Yargıtay Kararı 10. Hukuk Dairesi 2015/18962 E. 2015/16415 K. 08.10.2015 T.

YARGITAY KARARI
DAİRE : 10. Hukuk Dairesi
ESAS NO : 2015/18962
KARAR NO : 2015/16415
KARAR TARİHİ : 08.10.2015

Mahkemesi : Adana 2. İş Mahkemesi
Tarihi : 18.06.2015
No : 2006/466-2015/346

Dava, malûliyet aylıklarının kesildiği tarihten itibaren ödenmesi istemine ilişkindir.
Mahkemece, ilâmında belirtildiği şekilde davanın kabulüne karar verilmiştir.
Hükmün, davalı Kurum vekili tarafından temyiz edilmesi üzerine, temyiz isteğinin süresinde olduğu anlaşıldıktan ve Tetkik Hâkimi tarafından düzenlenen raporla dosyadaki kâğıtlar okunduktan sonra işin gereği düşünüldü ve aşağıdaki karar tespit edildi.
İncelenen dava dosyasında, davacılar murisinin malûliyetinin devam edip etmediği hususunda davalı Kurumun 29.06.2004 tarihli Sosyal Sigortalar Yüksek Sağlık Kurulunun, malûliyeti gerektirecek hâl bulunmadığına dair kararı üzerine 2003/11. dönemden itibaren malûliyet aylıkının kesildiği, Adli Tıp 3. İhtisas Kurulu’nun 05.04.2013 tarihli raporunda davacılar murisinin beden çalışma gücünün en az %60’ını kaybetmiş olduğu, malûl sayılması gerektiğine karar verildiği, daha sonra maluliyet aylığının kesildiği tarih dikkate alındığında meslekte çalışma gücünün 2/3 oranında kaybedilip kaybedilmediği hususunda yeniden rapor aldırıldığı ve Adli Tıp 3. İhtisas Kurulu’nun 03.12.2014 tarihli raporunda çalışma gücünün en az 2/3’ünü kaybettiği, malûl sayılması gerektiği ve malûllük başlangıcının 06.10.2003 olduğunun belirtilmesi üzerine mahkemece davanın kabulüne ve aylıkların kesildiği tarihten ölüm tarihine kadarki kısmının ödenmesine karar verildiği ancak raporlar arasında açık çelişki olduğu anlaşılmıştır.
Sürekli iş göremezlik ve malûllük hâlinin belirlenmesinde izlenecek yolun ne olduğu 01.10.2008 tarihinde yürürlüğe giren 5510 sayılı Kanunun “Sağlık Raporlarının Usûl ve Esasları”na dair 95. maddesinde hükme bağlanmıştır.
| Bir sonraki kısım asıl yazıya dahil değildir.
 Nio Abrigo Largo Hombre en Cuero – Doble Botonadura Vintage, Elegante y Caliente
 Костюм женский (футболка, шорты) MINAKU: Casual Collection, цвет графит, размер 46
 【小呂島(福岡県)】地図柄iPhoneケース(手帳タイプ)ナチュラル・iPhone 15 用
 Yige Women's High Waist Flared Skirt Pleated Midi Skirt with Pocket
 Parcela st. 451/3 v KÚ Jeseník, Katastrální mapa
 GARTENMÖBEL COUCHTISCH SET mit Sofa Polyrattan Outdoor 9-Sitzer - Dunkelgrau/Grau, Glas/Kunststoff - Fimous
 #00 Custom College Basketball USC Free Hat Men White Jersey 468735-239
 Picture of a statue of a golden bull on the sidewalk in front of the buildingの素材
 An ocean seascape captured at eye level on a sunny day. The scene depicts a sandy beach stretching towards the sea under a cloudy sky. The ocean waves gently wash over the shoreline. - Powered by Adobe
Buna göre, kurum sağlık tesisleri tarafından raporlara dayanılarak verilen kararlara karşı ilgililerin S.S.Yüksek Sağlık Kuruluna itiraz hakları mevcuttur. Söz konusu kurulun raporlarının Kurumu bağlayacağı diğer ilgililer yönünden bağlayıcı olmayıp, Adli Tıp Başkanlığı veya Tıp Fakültelerinin ilgili ana bilim dalı konseylerinden Sosyal Sigorta Sağlık İşlemleri Tüzüğü çerçevesinde inceleme ve araştırma yapılmasını isteyebilecekleri 28.06.1976 tarih ve 6/4 sayılı Yargıtay İçtihadı Birleştirme Büyük Genel Kurulu kararının gereğidir.
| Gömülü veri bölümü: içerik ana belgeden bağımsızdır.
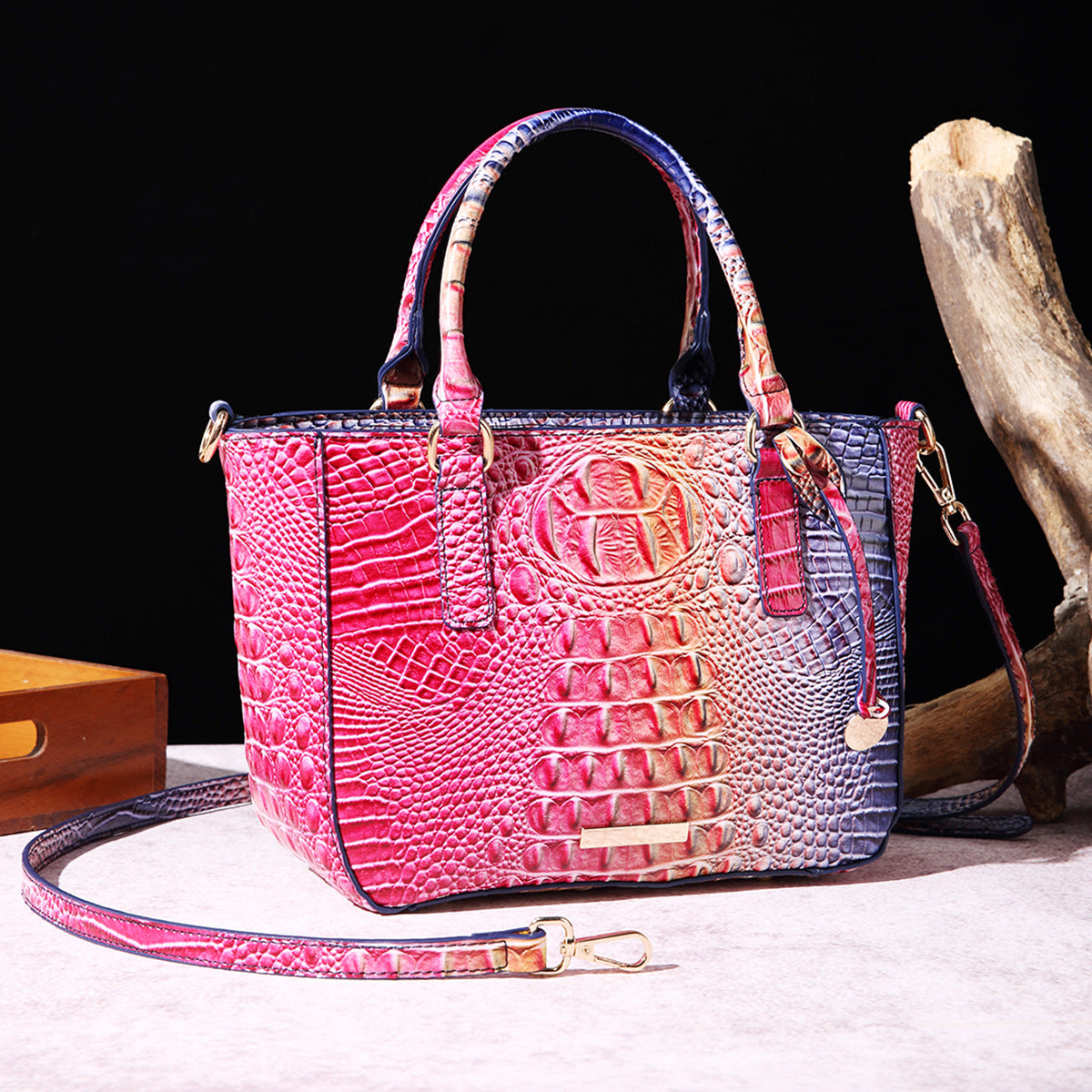 Women's Portable Underarm Vintage Brahmin Crocodile Pattern Handbags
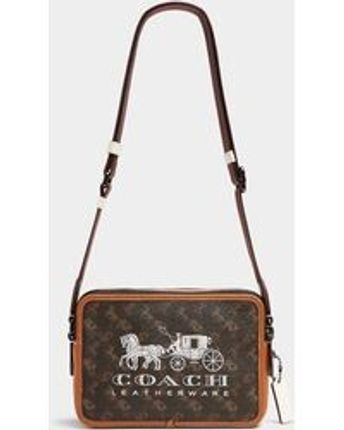 Men's Brown Charter 24 Horse And Carriage Print Crossbody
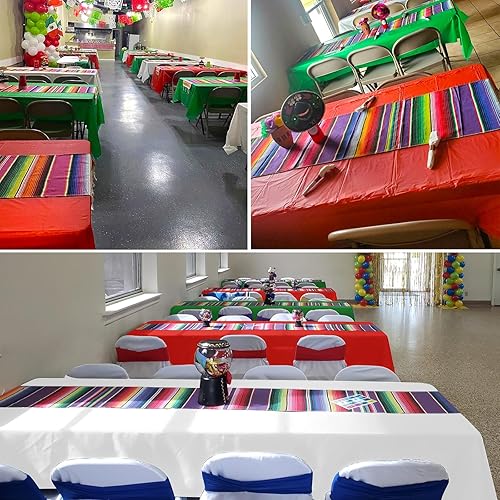 Miniatura 7 de Juego de camino de mesa mexicano 6+6 y mantel de plástico, mantel de fiesta y camino de mesa de serape, decoración de fiesta, blanco, rojo, verde,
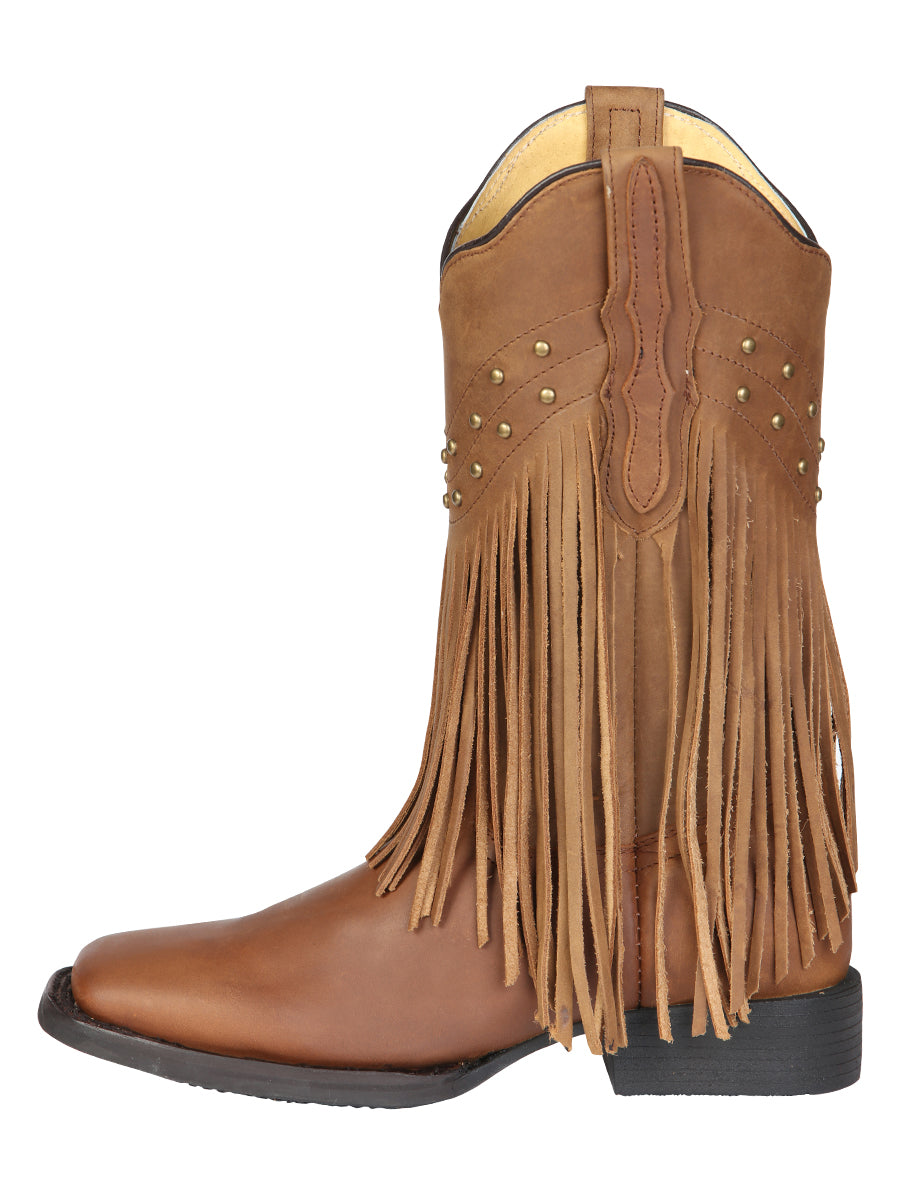 El General Women’s Leather Fringe Western Boots - Made in Mexico - Honey 45799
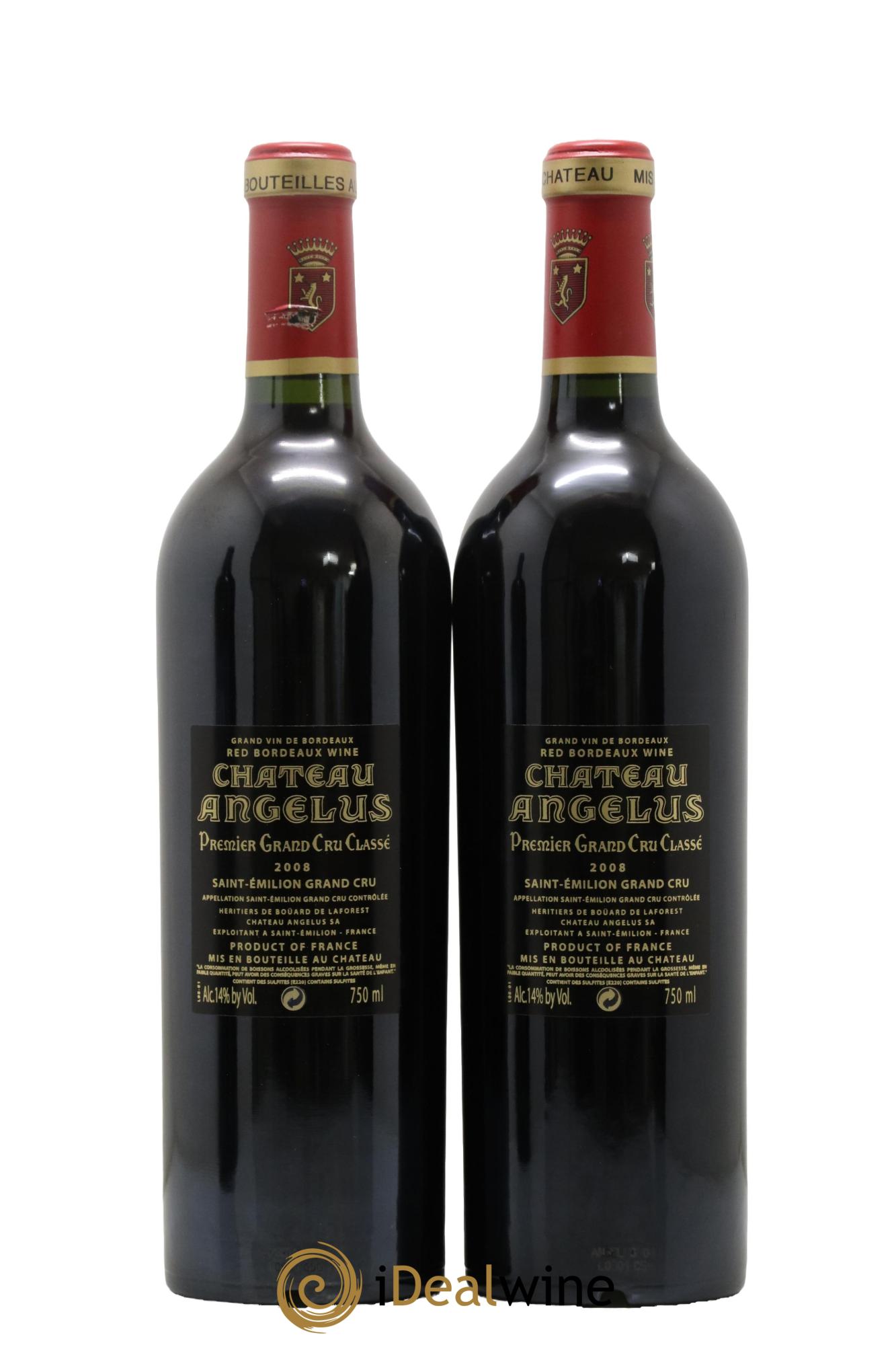 Château Angélus 1er Grand Cru Classé A 2008 - Lot de 2 bouteilles - 1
Sosyal Sigorta Yüksek Sağlık Kurulu raporu ile Adli Tıp Kurumu İhtisas Dairesi raporu arasında çelişki ortaya çıkması durumunda, Yargıtay Hukuk Genel Kurulu’nun 06.10.2010 gün ve 10-390 / 449 sayılı kararında da belirtildiği şekilde, çelişkinin Adli Tıp Kanunu’nun 15. maddesi gereği Adli Tıp Genel Kurulunca giderilmesi gereklidir. Çelişkinin Yüksek Sağlık Kurulu ile Tıp Fakültelerinin ilgili ana bilim dalından alınan sağlık kurulu arasında çıkması halinde de, amacın uyuşmazlığı en geniş katılımlı bir kurul kararı ile sona erdirmek, yeni çelişkilerin ortaya çıkıp uyuşmazlığı çözümsüzlüğe itmeyi engellemek olduğu dikkate alındığında, Adli Tıp Genel Kuruluna başvurulmalı ve alınacak raporla (malûliyet başlangıç tarihi de belirtilmek suretiyle ) uyuşmazlık sona erdirilmelidir.
Yukarıda belirtilen hukukî ve fiili durumlar ışığında mahkemece, eksik inceleme ve araştırma sonucunda yazılı şekilde hüküm kurulmuş olması, usûl ve yasaya aykırı olup, bozma nedenidir.
O hâlde, davalı Kurum vekilinin bu yönleri amaçlayan temyiz itirazları kabul edilmeli ve hüküm bozulmalıdır.
SONUÇ: Temyiz edilen hükmün yukarıda açıklanan nedenlerle BOZULMASINA, 08.10.2015 gününde oybirliğiyle karar verildi.